Mit dem Krebsfrüherkennungs- und -registergesetz (KFRG) hat der Gesetzgeber in § 25a Absatz 5 Satz 2 SGB V der Forschung die Möglichkeit eröffnet, die im Zusammenhang mit der systematischen Erfassung und Kontrolle der Struktur-, Prozess- und Ergebnisqualität der Krebsfrüherkennungsprogramme erhobenen Daten in anonymisierter Form für weitergehende Forschungsfragen zu nutzen (sogenannte sekundäre Datennutzung).

Es werden ausschließlich anonymisierte Daten zur Verfügung gestellt, die Dritten keine Zuordnung zu einzelnen Personen, also weder Teilnehmenden noch Leistungserbringenden, zulassen.

Aus welchen Datenquellen stammen die Daten in den organisierten Krebsfrüherkennungsprogrammen des G-BA?

Zur systematischen Erfassung und Kontrolle der Struktur-, Prozess- und Ergebnisqualität der Krebsfrüherkennungsprogramme regelt der G-BA in der Richtlinie für organisierte Früherkennungsprogramme, welche konkreten Daten für die Programmbeurteilung benötigt werden, wer diese Daten erhebt und wie sie weitergeleitet und ausgewertet werden.

Krankenkassen setzen die Vorgaben des G-BA um, indem sie die anspruchsberechtigten Versicherten zur Teilnahme am Programm einladen. Leistungserbringende setzen die Vorgaben des G-BA um, indem sie bei der Früherkennungsuntersuchung Daten erheben. Krankenkassen und Leistungserbringende (über ihre Kassenärztlichen Vereinigungen) leiten diese Daten an die Vertrauensstelle für die organisierten Früherkennungsprogramme weiter. Seit 2023 übermitteln die Krebsregister für die Programme zur Früherkennung von Darm- und Gebärmutterhalskrebs die in den Vorgaben des G-BA festgelegten Angaben direkt an die Vertrauensstelle.

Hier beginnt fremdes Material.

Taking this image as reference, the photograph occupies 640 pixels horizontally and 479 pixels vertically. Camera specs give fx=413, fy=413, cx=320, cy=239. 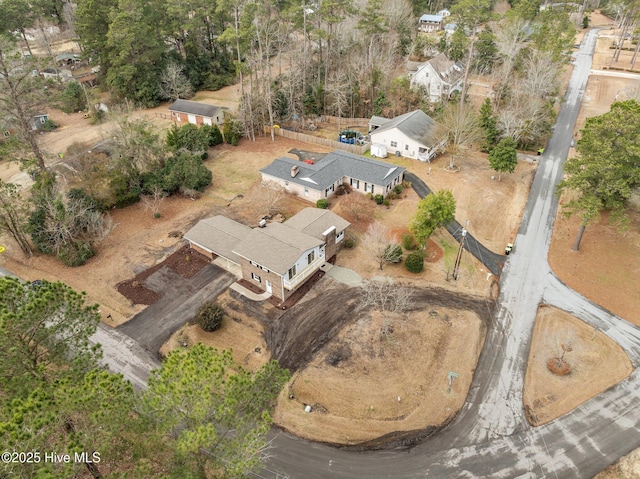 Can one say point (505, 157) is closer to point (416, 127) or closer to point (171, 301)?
point (416, 127)

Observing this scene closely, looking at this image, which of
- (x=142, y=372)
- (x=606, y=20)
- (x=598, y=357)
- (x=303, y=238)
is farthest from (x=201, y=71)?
(x=606, y=20)

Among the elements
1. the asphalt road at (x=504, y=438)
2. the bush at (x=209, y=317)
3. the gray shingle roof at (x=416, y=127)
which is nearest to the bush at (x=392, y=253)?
the asphalt road at (x=504, y=438)

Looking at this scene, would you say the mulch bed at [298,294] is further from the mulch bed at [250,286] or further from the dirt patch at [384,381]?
the dirt patch at [384,381]

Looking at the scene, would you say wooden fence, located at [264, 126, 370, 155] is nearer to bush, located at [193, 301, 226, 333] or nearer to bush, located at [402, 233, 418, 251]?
bush, located at [402, 233, 418, 251]

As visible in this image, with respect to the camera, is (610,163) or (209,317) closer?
(209,317)

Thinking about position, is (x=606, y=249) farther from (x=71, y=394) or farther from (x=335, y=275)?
(x=71, y=394)

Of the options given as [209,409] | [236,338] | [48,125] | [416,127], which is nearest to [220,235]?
[236,338] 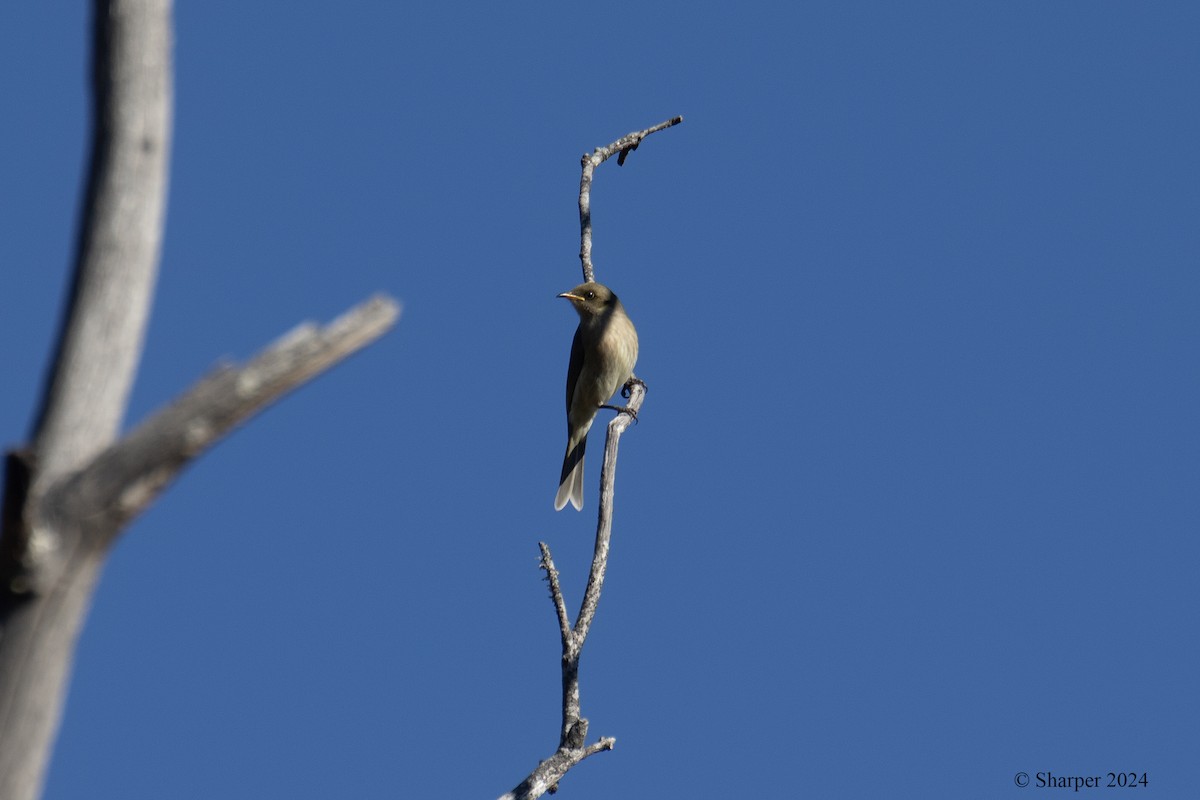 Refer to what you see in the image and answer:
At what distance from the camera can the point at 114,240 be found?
2516 millimetres

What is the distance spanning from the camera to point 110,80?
2.63 metres

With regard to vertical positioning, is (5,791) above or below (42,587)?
below

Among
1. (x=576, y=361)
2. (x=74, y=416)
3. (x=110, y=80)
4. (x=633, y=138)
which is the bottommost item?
(x=74, y=416)

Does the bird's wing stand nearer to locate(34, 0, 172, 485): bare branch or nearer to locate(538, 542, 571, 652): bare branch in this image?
locate(538, 542, 571, 652): bare branch

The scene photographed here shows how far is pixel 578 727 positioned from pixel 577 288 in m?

Die Vertrauensstelle erzeugt aus den persönlichen Daten (etwa Name oder Versicherungsnummer) ein Pseudonym als Nummerncode, das keine Rückschlüsse auf eine Person zulässt. Die Vertrauensstelle leitet die Daten an die Auswertungsstelle für die organisierten Krebsfrüherkennungsprogramme weiter.

Die Auswertungsstelle führt die Daten der verschiedenen Datenquellen anhand der Pseudonyme zusammen, prüft sie und wertet sie anhand festgelegter Kriterien aus. Die Auswertungsstelle leitet die Auswertungsergebnisse an den G-BA weiter.

Wird ein Antrag zur sekundären Datennutzung vom G-BA positiv beschieden, beauftragt die Geschäftsstelle des G-BA die Auswertungsstelle als datenvorhaltende Stelle, dem oder der Antragsstellenden die dem Antrag zu Grunde liegenden Daten zu übermitteln. Es werden ausschließlich anonymisierte Daten übermittelt, die Dritten keine Rückschlüsse auf einzelne Personen oder Pseudonyme zulassen.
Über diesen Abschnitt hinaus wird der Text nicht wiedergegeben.